» Short descriptive text snippets
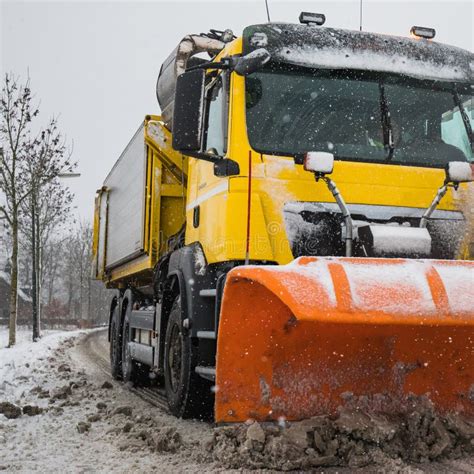 Snowplow Clearing Road Winter Service Editorial Image Image Of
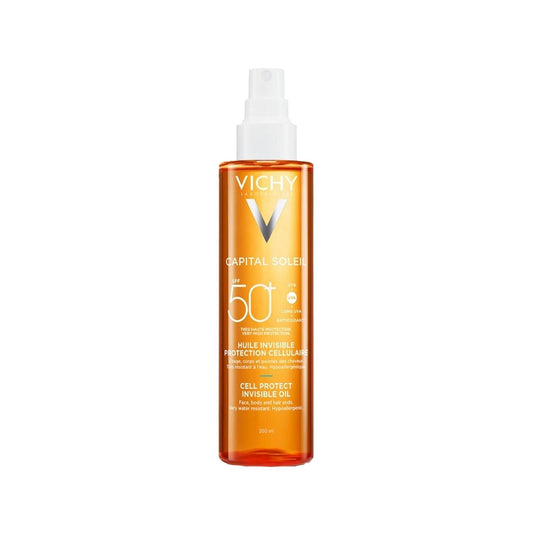 Vichy Capital Soleil Cell Protect Invisible Sunscreen SPF 50+ 6.76 fl oz - Gentle, Non-Greasy Sun Protection for Sensitive Skin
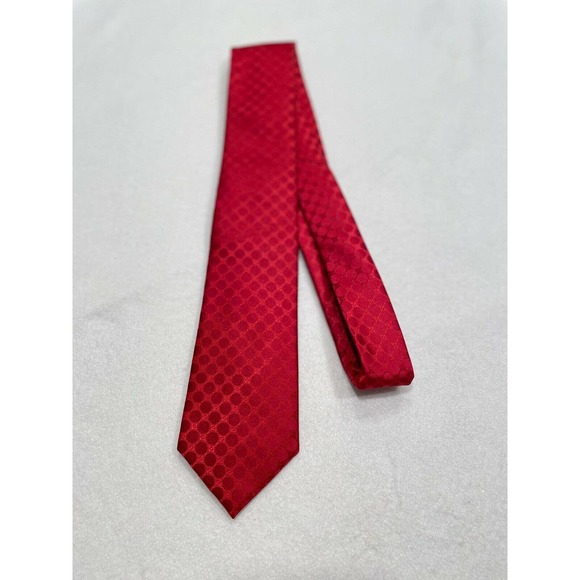 Countess Mara Men's Tie Necktie Polka Dot Geometric Circle Red Polyester - Picture 2 of 7
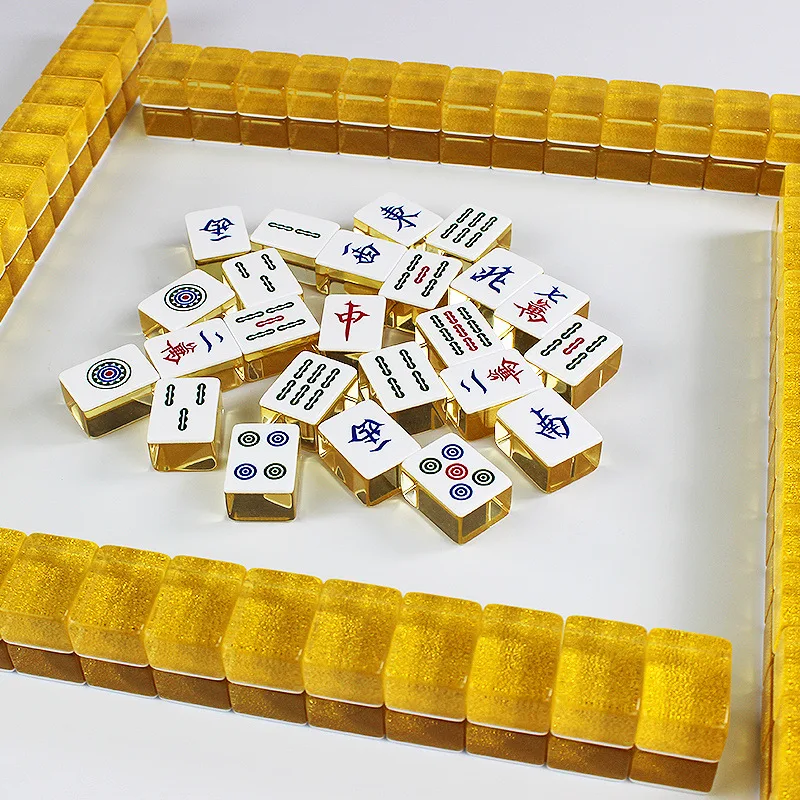 Handcrafted Modern Mahjong 144Tile Set Jelly Pink detail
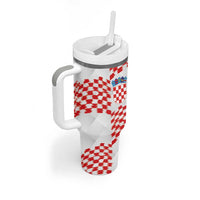 Custom Croatia Football Tumbler With Handle Kockasti-Grunge Checkers - Wonder Print Shop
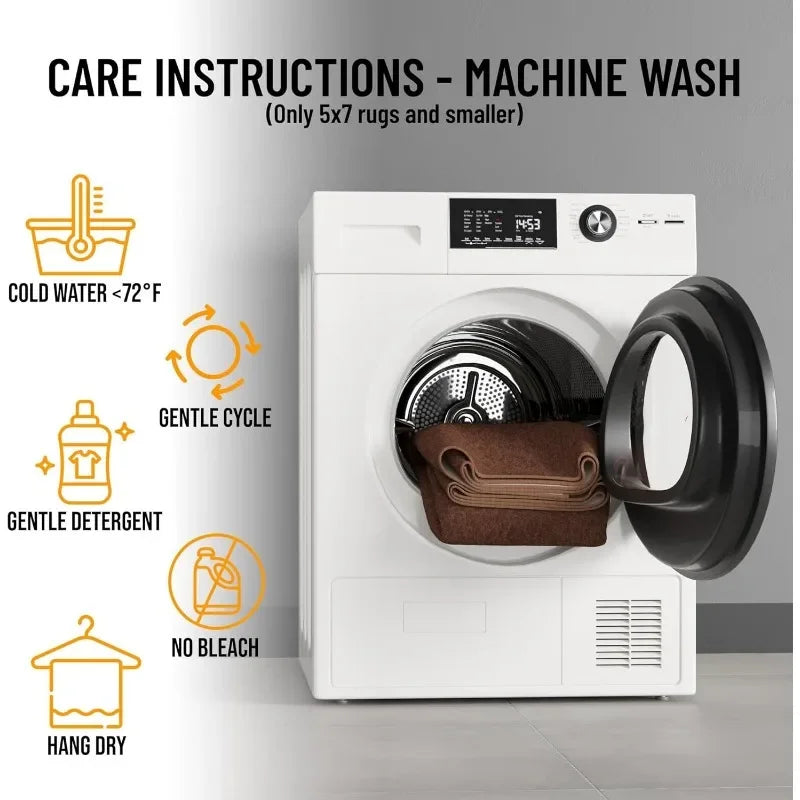 Machine Washable Modern Solid Design Non-Slip 2x6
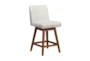 Fenris Swivel Counter Stool In Brown Oak Wood Finish With Beige Fabric - Signature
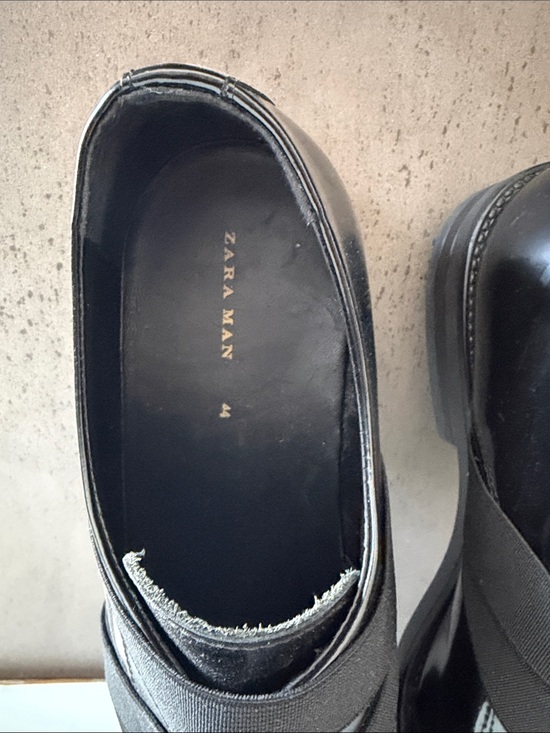 Zara Black Leather Slip-On Loafers with Elastic Cross Straps main image 5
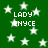 Green background with white stars and repeated text 'LADY ENYCE' in pixelated font.
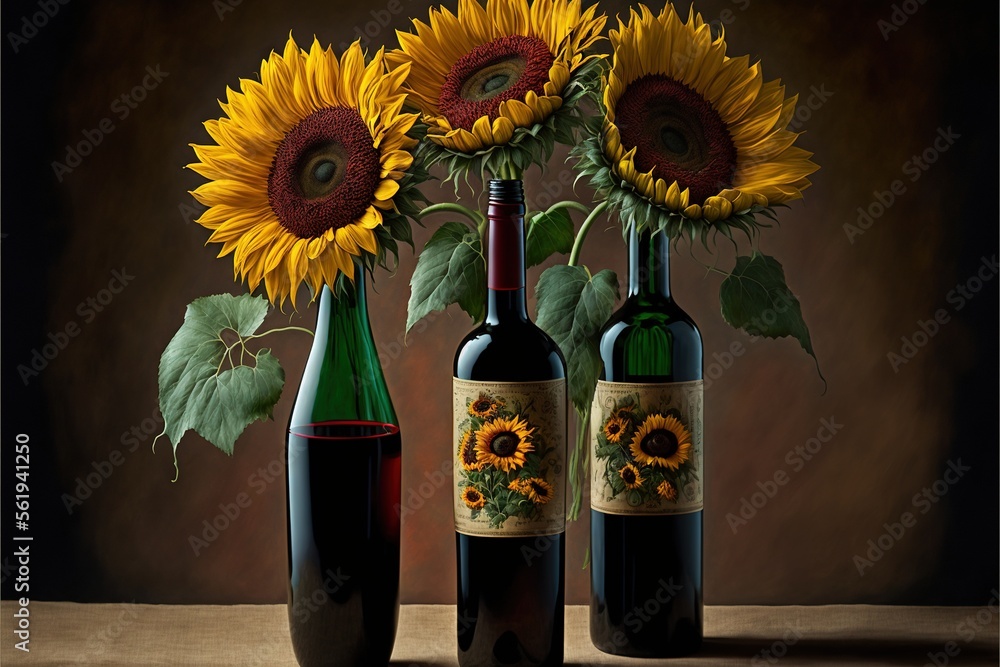Poster three bottles of wine with sunflowers in them on a table with a brown background and a brown backgro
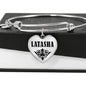 Latasha v01 - Heart Pendant Bangle Bracelet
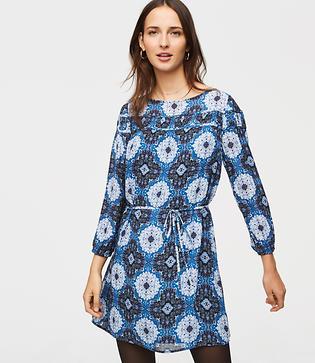Loft Medallion Shirred Yoke Dress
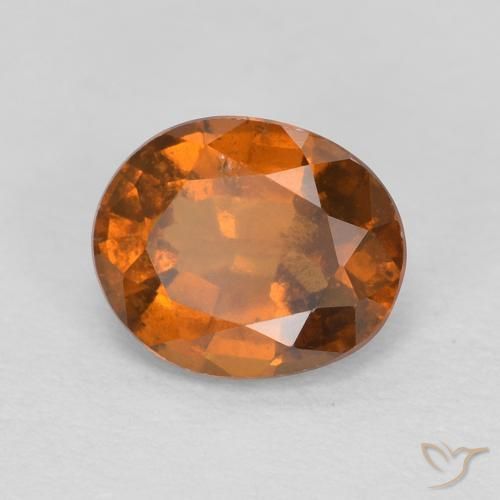 1.26 ct Orange Hessonite Garnet Stone, Natural Hessonite Garnet in Oval Facet Shape for Sale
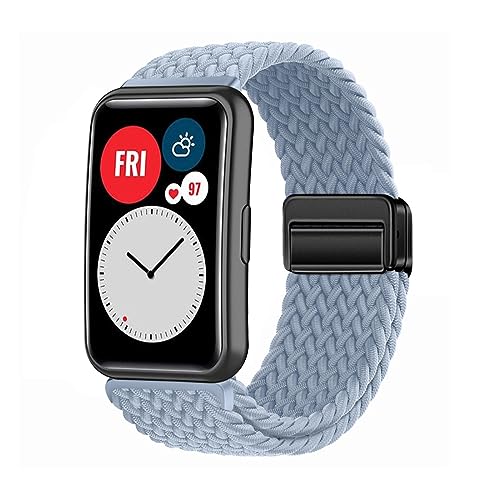 ZUREGO Nylon Armband für Huawei Watch Fit 1 Magnetische Armband, Nylon Dehnbar Geflochtenes Band mit Magnetische Schließe Entworfen Kompatibel mit Huawei Watch Fit 1 (32) von ZUREGO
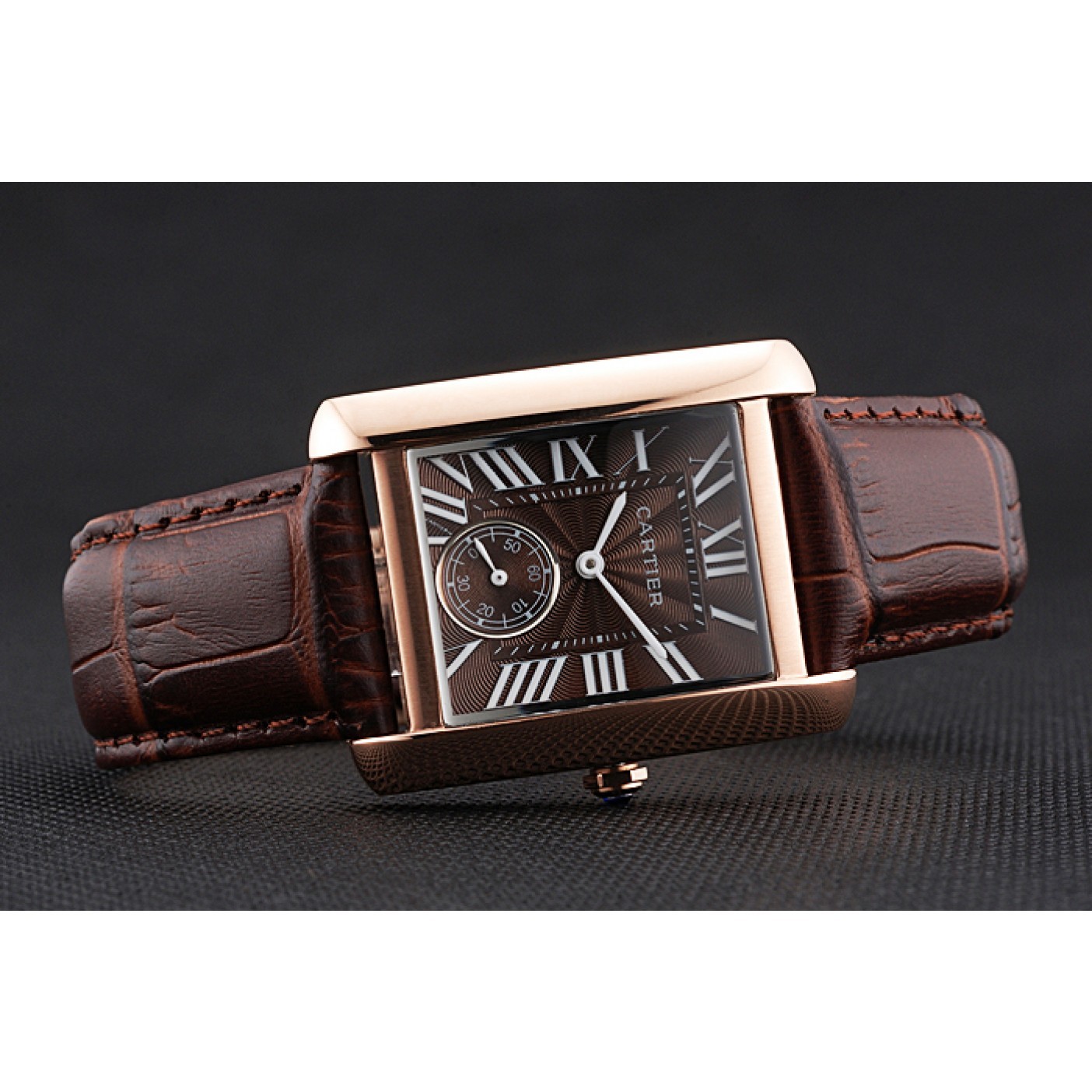 MiroTime Cartier Tank MC Gold Case Brown Dial Brown Leather Strap 622175
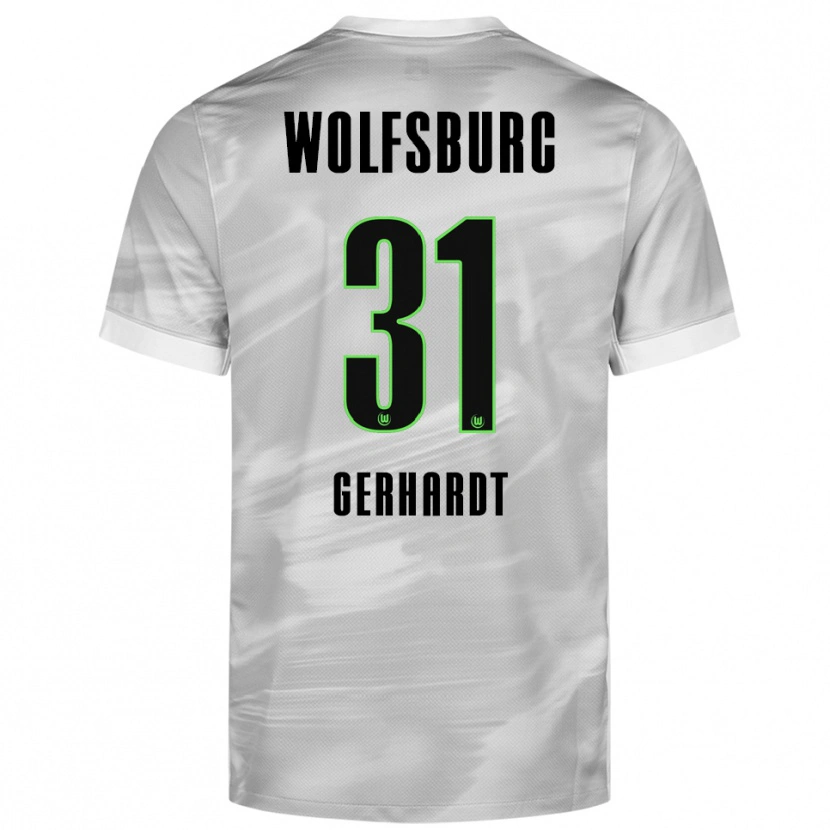 Danxen Män Yannick Gerhardt #31 Grå Vit Bortatröja Matchtröjor 2025/26 Tröjor T-Tröja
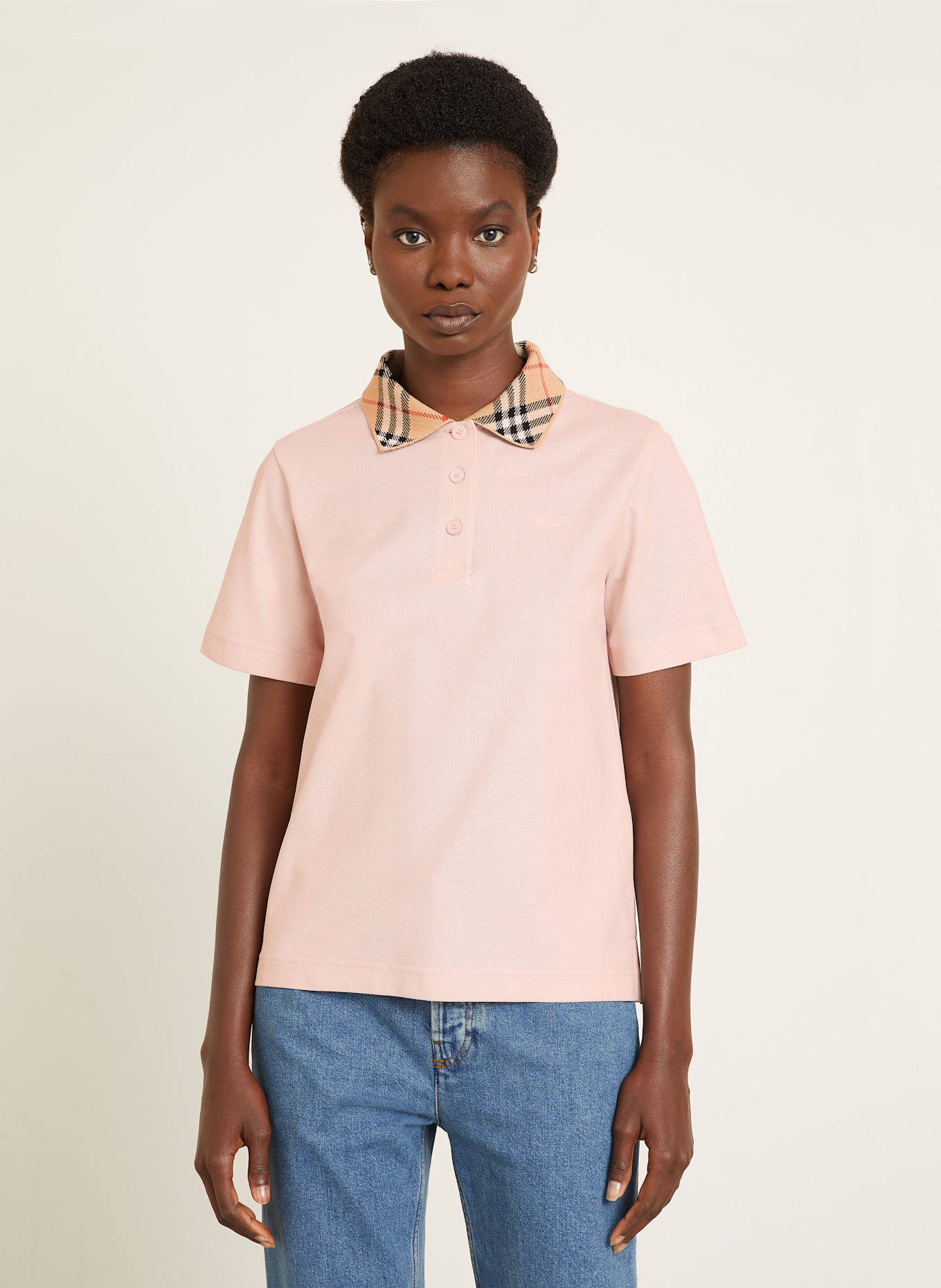 BURBERRY Koszulka polo z piki: JASNORÓŻOWY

» Exercise
Repeat each entry exactly as it appears; skip any picture.

» Problem solution
 Snowplow Clearing Road Winter Service Editorial Image Image Of
 Vichy Capital Soleil Cell Protect Invisible Sunscreen SPF 50+ 6.76 fl oz - Gentle, Non-Greasy Sun Protection for Sensitive Skin
 Countess Mara Men's Tie Necktie Polka Dot Geometric Circle Red Polyester - Picture 2 of 7
 Handcrafted Modern Mahjong 144Tile Set Jelly Pink detail
 Custom Croatia Football Tumbler With Handle Kockasti-Grunge Checkers - Wonder Print Shop
 Machine Washable Modern Solid Design Non-Slip 2x6
 Fenris Swivel Counter Stool In Brown Oak Wood Finish With Beige Fabric - Signature
 Zara Black Leather Slip-On Loafers with Elastic Cross Straps main image 5
 Green background with white stars and repeated text 'LADY ENYCE' in pixelated font.
Poster three bottles of wine with sunflowers in them on a table with a brown background and a brown backgro
 Latasha v01 - Heart Pendant Bangle Bracelet
Loft Medallion Shirred Yoke Dress
 1.26 ct Orange Hessonite Garnet Stone, Natural Hessonite Garnet in Oval Facet Shape for Sale
 ZUREGO Nylon Armband für Huawei Watch Fit 1 Magnetische Armband, Nylon Dehnbar Geflochtenes Band mit Magnetische Schließe Entworfen Kompatibel mit Huawei Watch Fit 1 (32) von ZUREGO
 MiroTime Cartier Tank MC Gold Case Brown Dial Brown Leather Strap 622175
 Danxen Män Yannick Gerhardt #31 Grå Vit Bortatröja Matchtröjor 2025/26 Tröjor T-Tröja
 BURBERRY Koszulka polo z piki: JASNORÓŻOWY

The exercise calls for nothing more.